EXERCISE DIRECTIONS:
Your copy should start at the line with "NEOM It's All" and end at the line with "Bride and groom" in the data below. Transcribe only those lines, exactly, pictures excluded.

PROVIDED ENTRIES:
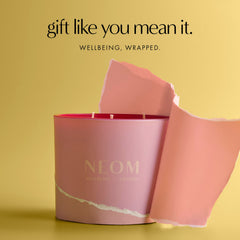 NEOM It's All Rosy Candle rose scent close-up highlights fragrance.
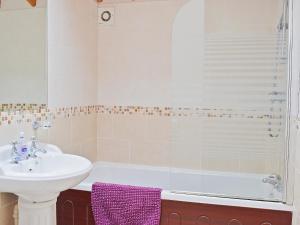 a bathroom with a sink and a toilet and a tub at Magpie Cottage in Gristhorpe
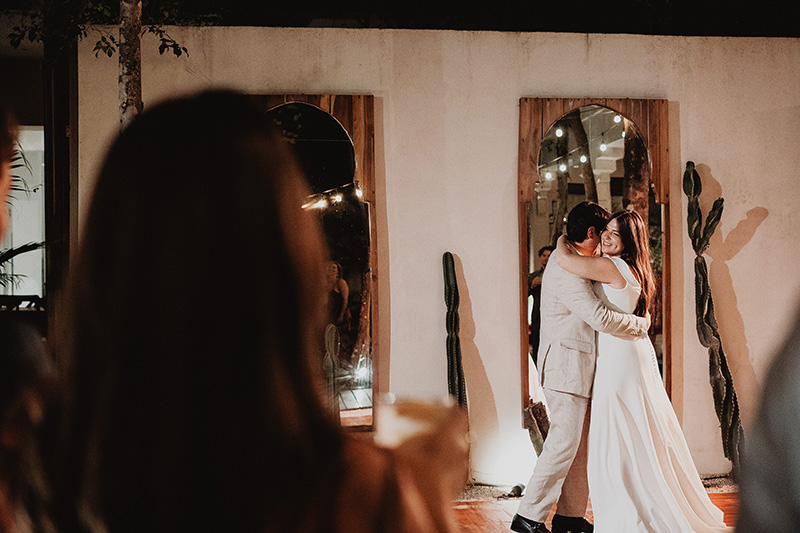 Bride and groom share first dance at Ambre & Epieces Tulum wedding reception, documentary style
...
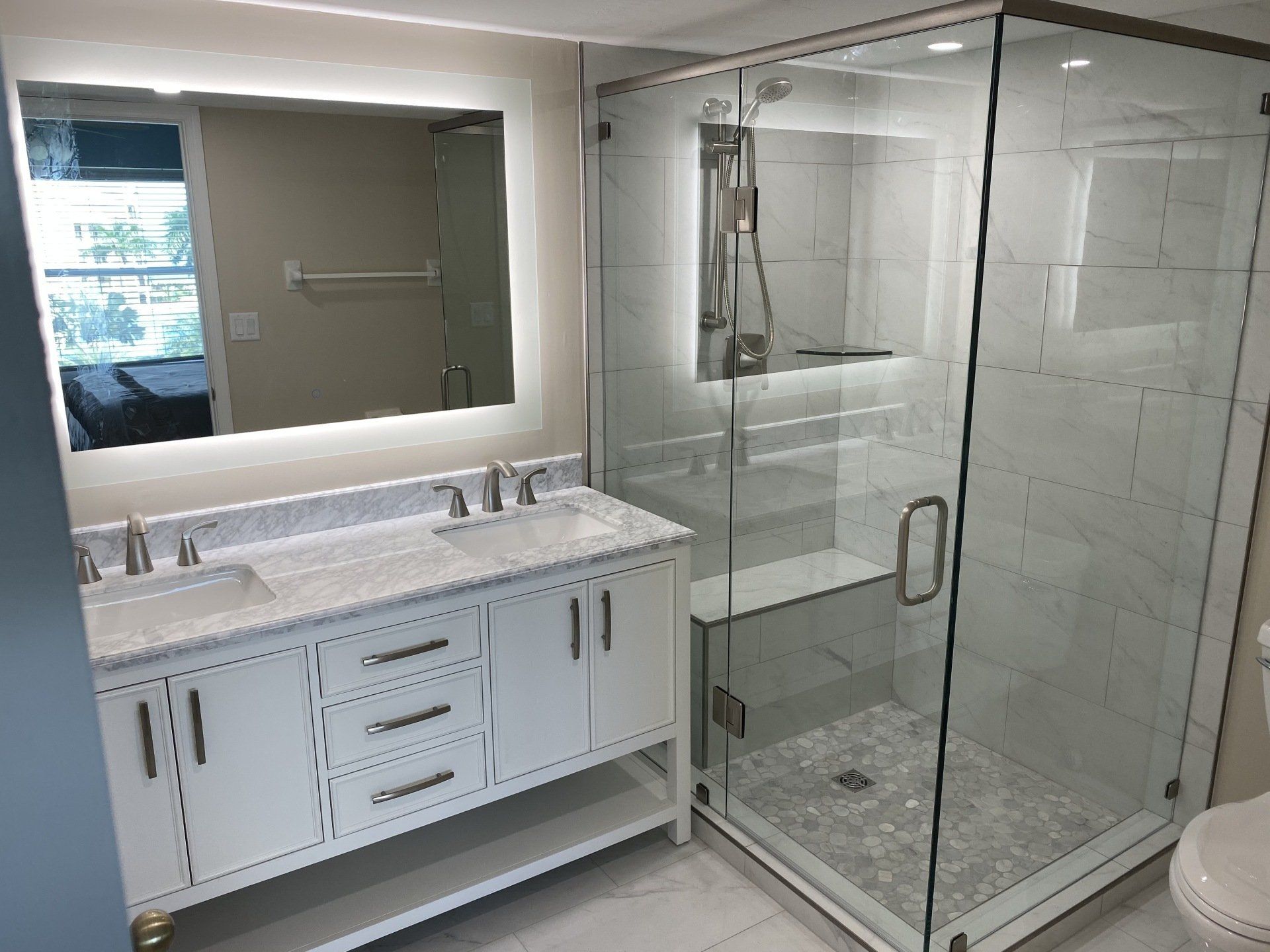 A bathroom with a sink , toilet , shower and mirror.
---
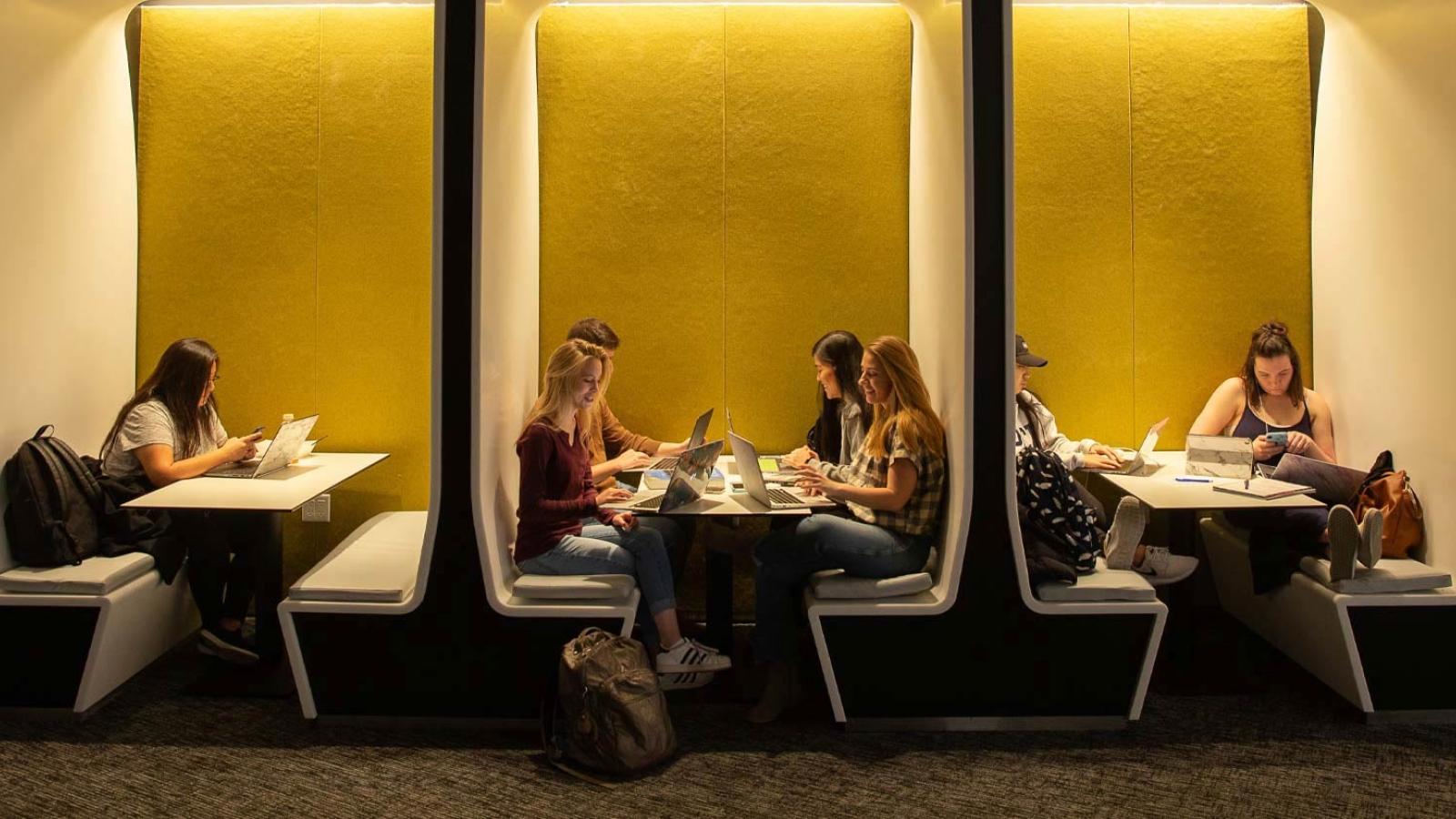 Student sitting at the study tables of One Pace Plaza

WRITTEN RESPONSE:
 NEOM It's All Rosy Candle rose scent close-up highlights fragrance.
 a bathroom with a sink and a toilet and a tub at Magpie Cottage in Gristhorpe
 Bride and groom share first dance at Ambre & Epieces Tulum wedding reception, documentary style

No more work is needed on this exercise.